Increasingly, evidence has emerged documenting ecological changes due to climate change (for example, Walther and others, 2005). Although much of this evidence comes from field observations there is increasing reliance on models that relate climate variables to biological systems for understanding sensitivity of biological systems to scenarios of change in climate variability. Typically, climate scenarios are implemented in global climate models (GCMs). The main limitation of addressing ecological effects of global climate change is the exceedingly difficult task of quantifying sources of uncertainty (in data, models, and parameters) given the highly nonlinear nature of interactions between climate variables and community-level ecological processes. While a complete climate prediction may be intractable at this time -- for instance, the climate projections may not incorporate land-use changes and solar fluctuations into the boundary conditions -- we illustrate a framework to quantify uncertainty, using multi-scale climate models, that is also flexible enough to adapt to advances in climate predictions. Downscaled GCM simulations from the North American Regional Climate Change Assessment Program (NARCCAP) (http://www.narccap.ucar.edu/) provide temperature and precipitation time series suitable for analysis of Missouri River Basin hydrology. NARCCAP simulations are produced by regional climate models (RCMs) driven by GCMs over a domain covering most of North America. Ultimately, this program will feature simulation results from 6 RCMs and 4 GCMs.
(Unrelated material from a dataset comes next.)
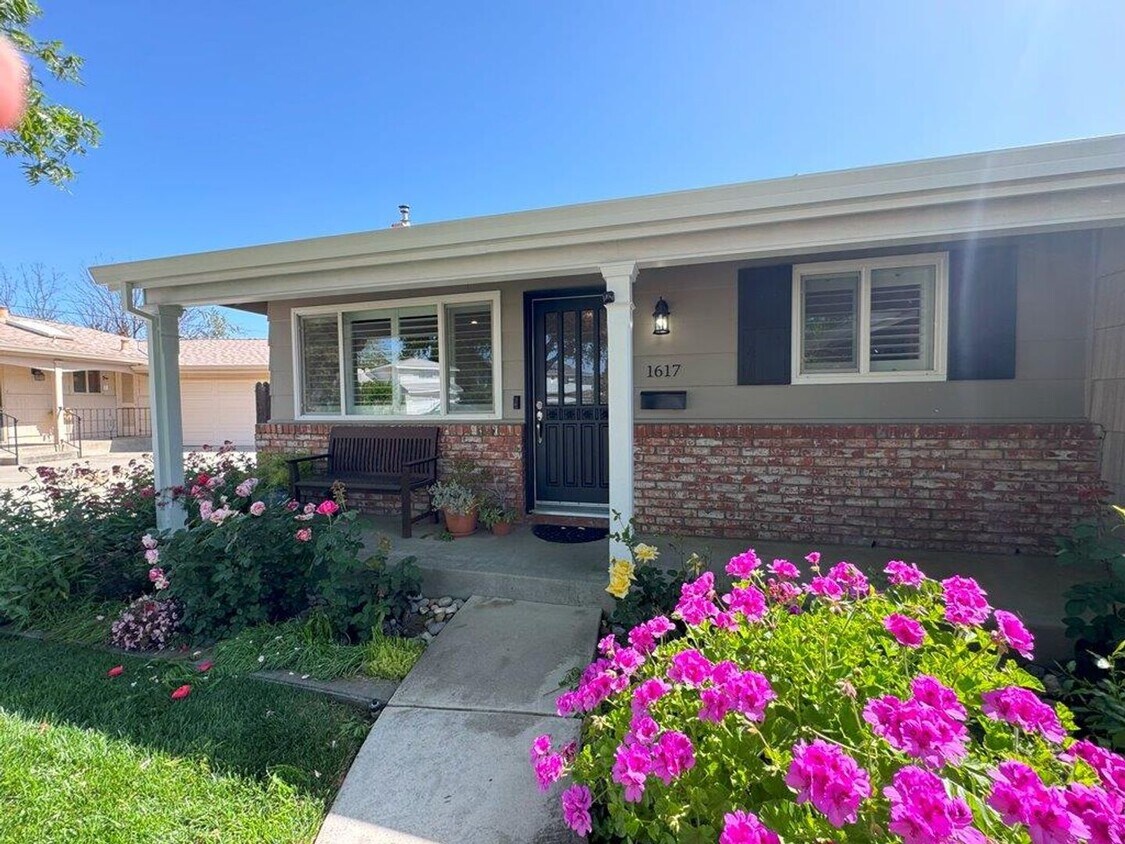Foto principal - Stunning 3-Bedroom Home with Pool in South...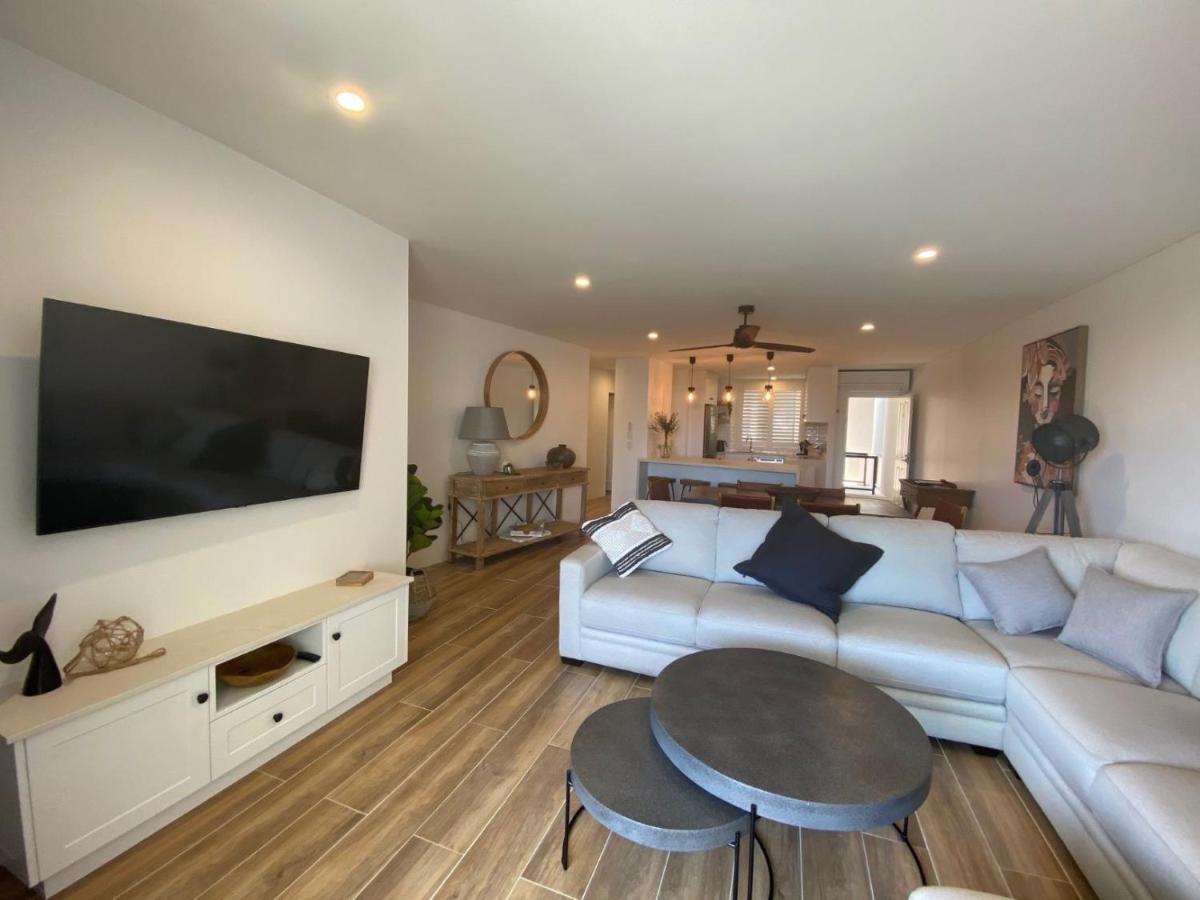 Bay Royal Apartments Byron Bay Exterior photo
Currently, results are available from all 6 RCMs forced with National Center for Environmental Prediction (NCEP) reanalysis data for 1979-2004. Such runs can give insight into potential model biases relative to observed climatology. Future climate change scenarios are based on the A2 emissions scenario (less international cooperation) developed through the Intergovernmental Panel on Climate Change (IPCC) as described in Nakicenvoic and others (2000) in the Special Report on Emissions Scenarios (SRES) that was commissioned by the IPCC. This scenario is one of the higher SRES emissions scenarios. Thus, it is considered to be important for studying realistic impacts and adaptation strategies.
We will present results from the NARCCAP reanalysis driven simulations. Our presentation will discuss biases in variables used as input to the hydrological model.
Nakicenvoic, N., Alcomo, J., Davis, G., de Vries, B., Fenhann, J., Gaffin, S., Gregory, K., Grubler, A., Yong Jung, T., Kram, T., Lebre La Rovere, E., Michaelis, L., Mori, S., Morita, T., Pepper, W., Pitcher, H., Price, L., Riahi, K., Roehrl, A., Rogner, H., Sankovski, A., Schlesinger, M., Shukla, P., Smith, S., Swart, R., van Rooijen, S., Victor, N., Dadi, Z., 2000, Special Report on Emissions Scenarios, A Special Report of Working Group III of the Intergovernmental Panel on Climate Change: Cambridge, MA, Cambridge University Press, p. 599.
Walther, G.R., Berger, S., and Sykes, M. T., 2005, An ecological ‘footprint’ of climate change: Proceedings of the Royal Society, Biological Sciences, v. 272, no.1571 p. 1427-1432.